Il capo visigoto non sopravvisse a lungo alla sua conquista: lasciata Roma si diresse a Sud e pochi mesi dopo, colto da febbri, morì nei pressi di Cosenza. Secondo la leggenda venne sepolto insieme ai suoi tesori nel fiume Busento, che fu deviato con un’imponente opera di ingegneria. Il suo popolo finì per migrare verso Nord, stabilendosi nella Gallia meridionale e in Spagna, dove fondò un regno indipendente sulle rovine dell’impero.
In seguito, Roma avrebbe subito un trattamento ben peggiore da parte degli invasori. Nel 455 i Vandali lanciarono un attacco molto più devastante; nell’846, undicimila predoni arabi saccheggiarono la Basilica di San Pietro e nel 1527 le truppe tedesche, molte delle quali luterane, saccheggiarono Roma in quello che fu probabilmente l’attacco più distruttivo che la città abbia mai subito. Ma l’effetto psicologico della caduta di Roma nel 410 fu enorme: nei suoi scritti, San Girolamo rifletteva su come «la città che aveva conquistato il mondo intero fosse stata a sua volta conquistata» e come un mero simbolo di potere potesse essere trasformato in cenere. Il mondo antico fu sconvolto da questi eventi e portò molti a incolpare l’adesione al cristianesimo per la distruzione. A questa accusa rispose Sant’Agostino con l’epica opera La Città di Dio, confutando non solo tali teorie, ma rivolgendosi ai principi cristiani per comprendere a fondo la storia dell’impero romano.
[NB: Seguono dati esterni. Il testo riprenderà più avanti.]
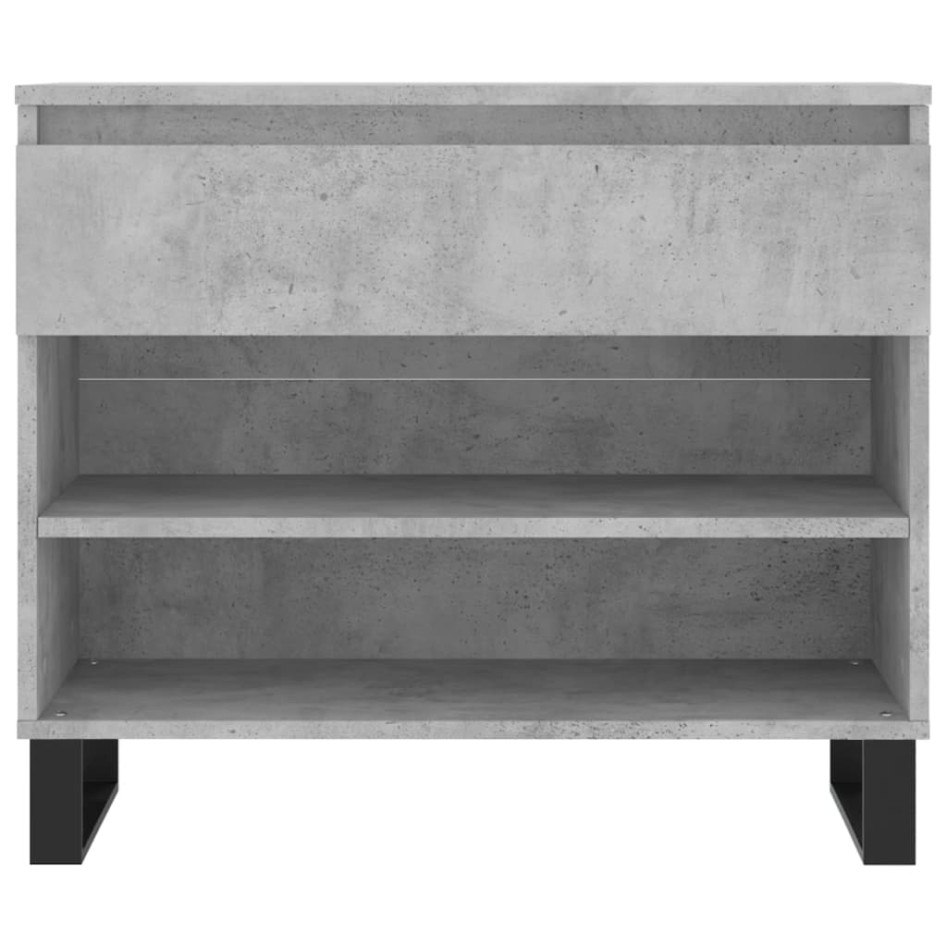 Mueble zapatero madera contrachapada gris hormigón 70x36x60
A lungo termine, l’attacco del 410 sarebbe stato oscurato dalla caduta dell’intero Impero Romano d’Occidente. Nel 476, il generale barbaro Odoacre tolse la corona imperiale all’ultimo imperatore, il giovane Romolo Augusto, e lo rimandò a casa.
La sua deposizione segna convenzionalmente l’inizio del Medioevo.